Marci offered to plan our wedding.  Early on, she asked how many details I wanted to know.  As few as possible was my answer as I hoped being kept in the dark would help keep me from stressing out.  I was completely comfortable leaving it in her hands and just writing checks to cover the costs.  I happily completed my assigned tasks:  getting the running shirts for all involved in the wedding, ordering bracelets for favors, and sending out the E-vite.

When the day arrived, I quickly realized Marci and her assistants had gone above and beyond for us.  Wow!  Everything was beautiful and so much attention had been paid to the smallest of details.  I was speechless – yes, me….speechless.
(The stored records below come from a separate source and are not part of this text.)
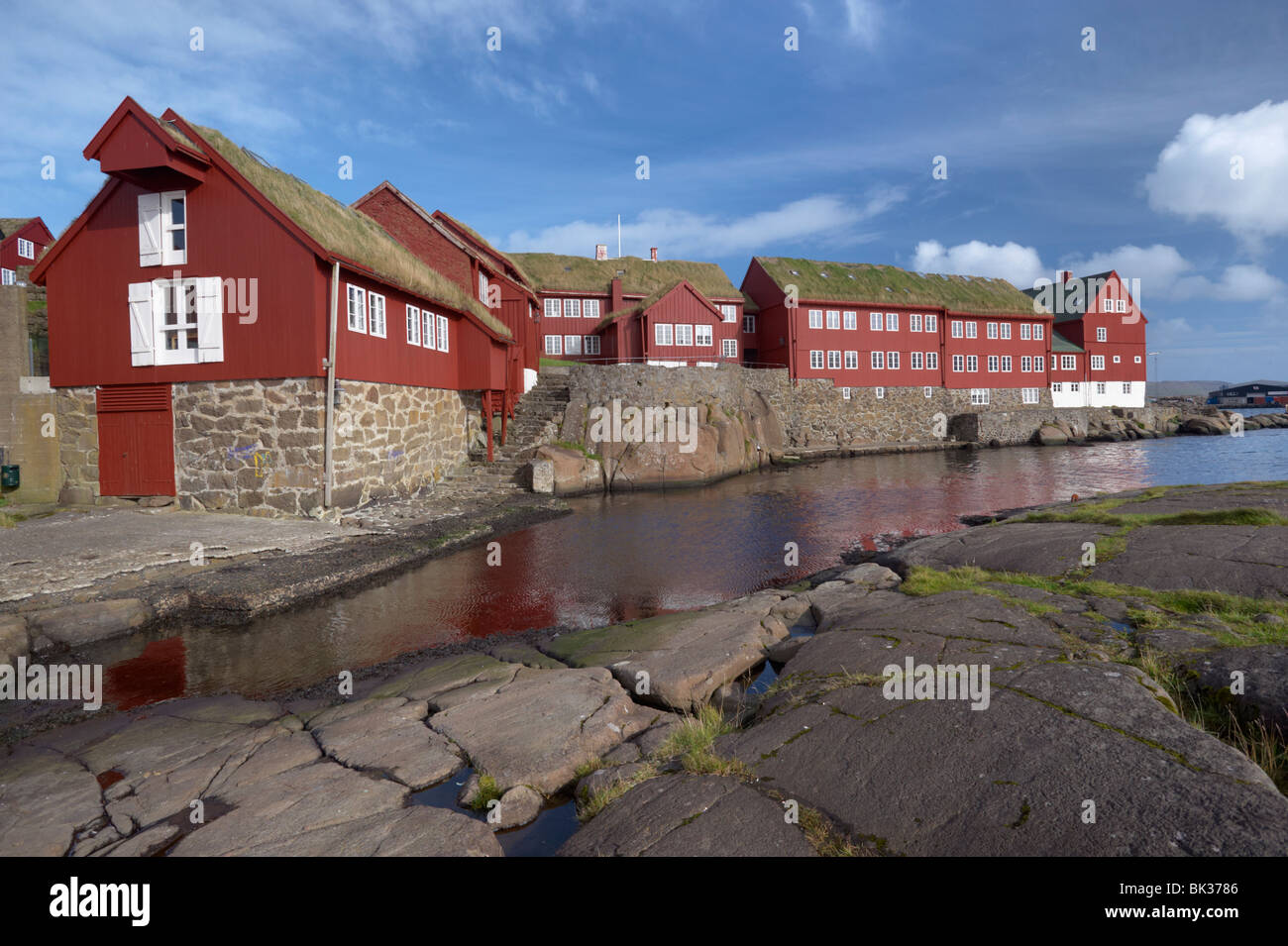Gli edifici del governo, Tinganes, Torshavn, Streymoy isola, isole Faerøer (Isole Faerøer), Danimarca, Europa Foto Stock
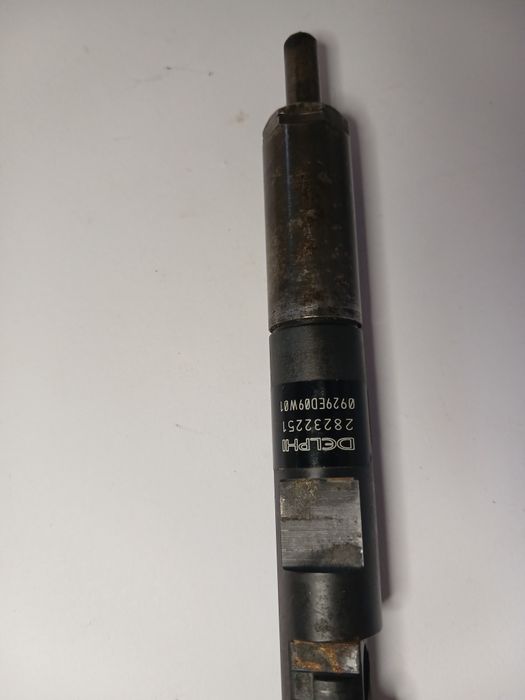 Injectoare Delphi cod 28232251. Compatibil cu diverse modele Renault, Dacia, Nissan și Suzuki echipate cu motoare 1.5 dCi/K9K.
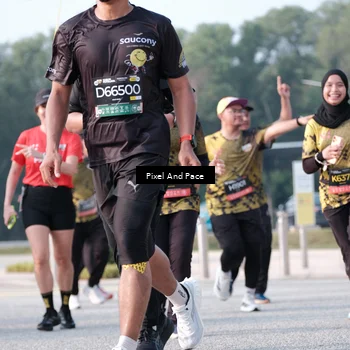 Runner Photo 6777938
I remember standing on the picnic table so I could address the crowd and get us all running/jogging/walking in the right direction.  As I looked out upon all our friends, it was impossible not to be overwhelmed with gratitude for all those who came out to celebrate with Greg and me.  I remember thinking I was so damn lucky and so, so grateful.  As someone who grew up in a home seriously lacking in love, I figured I must have done something right to be on the receiving end of all this love now.  It filled my heart beyond capacity.

The ceremony completely captured what Greg and I are as individuals and as a couple.  It was truly “us”.  My face hurt the next day from constantly smiling.  I think that was a sign of success.

My only regret is that Greg’s family was too far away to make the trip.  I know they were all there in spirit and their best wishes were beautifully woven into the ceremony by our talented officiant, Chris.  I look forward to celebrating with them this summer.

(Just for info: we will be posting a wedding day photo album on this blog when we are done gathering all the photos.  Feel free to subscribe to the blog so you get an e-mail notification when this happens.)

I just want to say thank you to everyone who made the day so awesome.  To Marci, Michael, Miguel, Chris O, Christie, Michelle, Dina, Ruth, Mary Kay, Chester, Leslie, Heather, Naomi, Sandie, Dave, Al, Chris W, and Vinnie.  To Team Clubsporters, RePeeters, Lake Chabot Running Peeps, HPD’ers, our biking buddies, Fab Five +1‘ers, GNO’ers, and all our other friends.  To Bosco, Bodie, Kora, Finn, Oscar, Maximus, Jack and Buddy (in spirit).  And, lastly, to my husband, who makes me feel loved every minute of every day.  It’s an honor to wear this ring.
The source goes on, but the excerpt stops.